As branded Instagram content begins to work its way into users feeds, the big question is whether people will mind (or notice). These paid endorsements will be unobtrusive, and will look exactly the same as every other photo populating your feed. As Instagram CEO Kevin Systrom says, “It doesn’t feel like advertising when you open Instagram — it feels like entertainment.”

The idea of branded entertainment on Instagram has been an extremely successful tool for brands that operate their own accounts, such as Warby Parker and Anthroplogie, and Instagrid’s programs could help their accounts grow. However, these accounts have a transparency to them that disappears with users being paid to post images on their accounts, on the behalf of brands. For brands, this “product placement” model risks driving users away from them or Instagram in general, due to a perceived drop in authenticity and artistic integrity of the community.

Both brands and users will be carefully monitoring what happens next. Facebook and Instagram need to maintain their independence and authenticity as separate platforms in order to be successful and not push users away. Marketing efforts need to be carefully designed with the end user in mind.

The prospect of Facebook using its dominant presence to barge into users’ intimately curated Instagram communities has backlash potential.
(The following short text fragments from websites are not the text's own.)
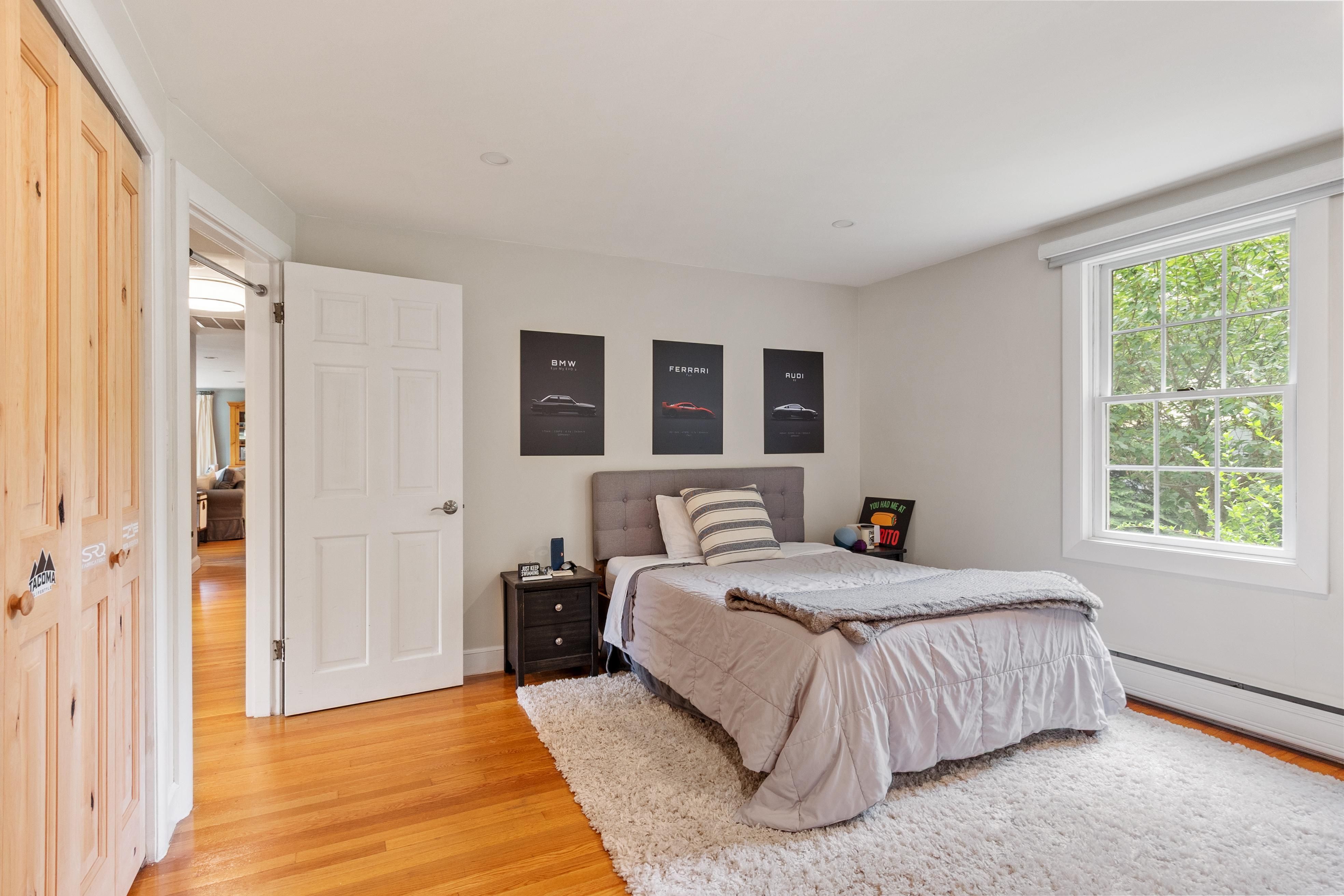  230 Harrington Ave, Concord, MA, 01742 - 物件實景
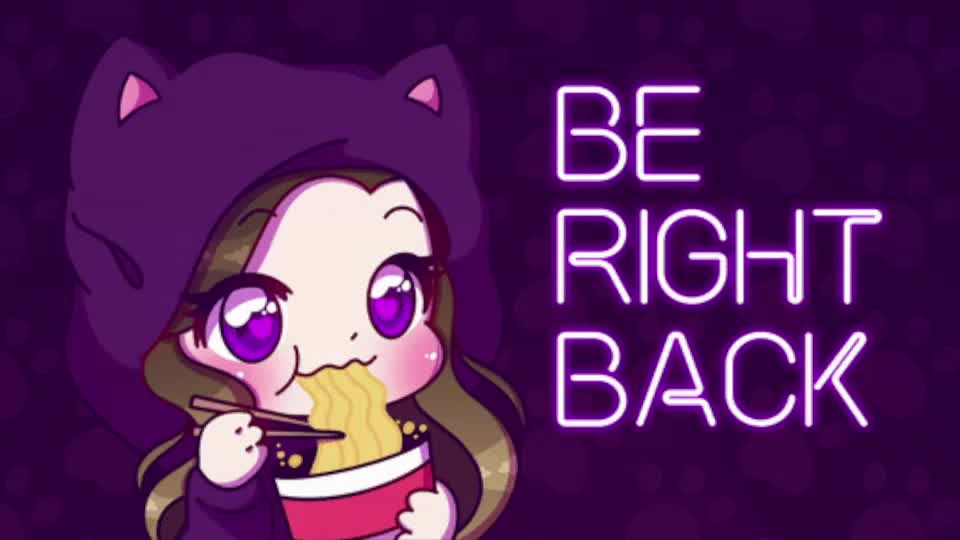 bethany_sparkle Adult Chat August 4, 2026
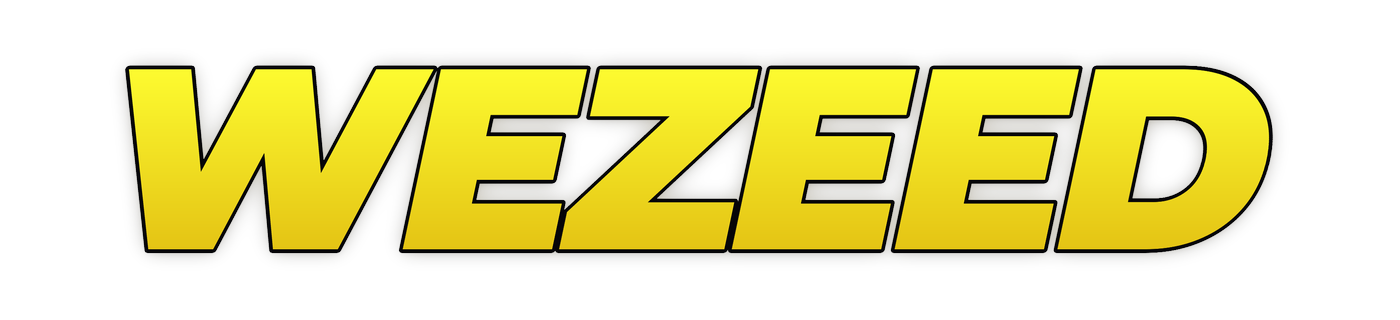 wezeed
However, we see an opportunity for positive social benefits than can subtly improve the Instagram user experience and make it more dynamic — such as in-app tagging, personal and community-sourced albums, or a unified desktop presence for Instagram photos.

While this partnership will undoubtedly attract many new users to join the Instagram community, for brands, it’s important to keep in mind which channel is more relevant to the brand and its consumers. This acquisition can heighten the potential for success of branded content on Instagram, without affecting the artistic integrity of the platform.

While initially it may fall on Zuck to get this right, brands bear the real responsibility for developing the new Instagram and keeping the focus on user engagement. If they can do that, it will be a pretty picture indeed.

With Casey Roeder, strategist, Big Spaceship

This story originally published on Mashable here.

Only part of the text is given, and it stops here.